# Aim of the exercise
Starting at the top of the entries, restate word for word each line up to and including the one with "You can split".

# Given data

Content starts

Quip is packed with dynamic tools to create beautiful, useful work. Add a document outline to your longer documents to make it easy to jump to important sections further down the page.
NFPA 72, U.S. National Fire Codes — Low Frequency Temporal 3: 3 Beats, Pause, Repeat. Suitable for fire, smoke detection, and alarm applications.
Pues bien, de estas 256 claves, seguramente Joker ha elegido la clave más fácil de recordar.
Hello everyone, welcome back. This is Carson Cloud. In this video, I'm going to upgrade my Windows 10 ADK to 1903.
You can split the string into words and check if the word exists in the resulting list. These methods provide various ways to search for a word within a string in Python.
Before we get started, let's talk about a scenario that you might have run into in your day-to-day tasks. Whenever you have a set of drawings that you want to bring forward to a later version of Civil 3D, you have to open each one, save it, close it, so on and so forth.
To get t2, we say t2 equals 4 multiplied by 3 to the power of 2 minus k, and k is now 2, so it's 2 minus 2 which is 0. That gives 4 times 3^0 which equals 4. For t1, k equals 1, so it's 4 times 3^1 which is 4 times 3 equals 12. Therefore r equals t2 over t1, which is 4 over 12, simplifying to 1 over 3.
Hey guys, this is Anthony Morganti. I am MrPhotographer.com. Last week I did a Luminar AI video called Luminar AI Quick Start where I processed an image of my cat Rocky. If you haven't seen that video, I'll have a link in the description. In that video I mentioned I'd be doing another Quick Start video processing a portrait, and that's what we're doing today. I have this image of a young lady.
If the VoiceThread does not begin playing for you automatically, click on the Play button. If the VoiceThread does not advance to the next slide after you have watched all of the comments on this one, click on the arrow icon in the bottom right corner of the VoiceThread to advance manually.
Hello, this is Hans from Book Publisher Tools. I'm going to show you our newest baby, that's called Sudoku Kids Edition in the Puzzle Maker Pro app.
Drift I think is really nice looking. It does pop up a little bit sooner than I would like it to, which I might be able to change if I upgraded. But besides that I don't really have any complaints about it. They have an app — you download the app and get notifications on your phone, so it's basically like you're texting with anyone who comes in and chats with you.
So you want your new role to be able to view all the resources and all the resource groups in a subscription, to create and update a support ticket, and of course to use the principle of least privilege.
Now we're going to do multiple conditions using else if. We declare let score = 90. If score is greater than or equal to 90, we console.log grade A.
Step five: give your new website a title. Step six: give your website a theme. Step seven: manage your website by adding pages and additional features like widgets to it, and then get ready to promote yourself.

Content ends

# Response area
Quip is packed with dynamic tools to create beautiful, useful work. Add a document outline to your longer documents to make it easy to jump to important sections further down the page.
NFPA 72, U.S. National Fire Codes — Low Frequency Temporal 3: 3 Beats, Pause, Repeat. Suitable for fire, smoke detection, and alarm applications.
Pues bien, de estas 256 claves, seguramente Joker ha elegido la clave más fácil de recordar.
Hello everyone, welcome back. This is Carson Cloud. In this video, I'm going to upgrade my Windows 10 ADK to 1903.
You can split the string into words and check if the word exists in the resulting list. These methods provide various ways to search for a word within a string in Python.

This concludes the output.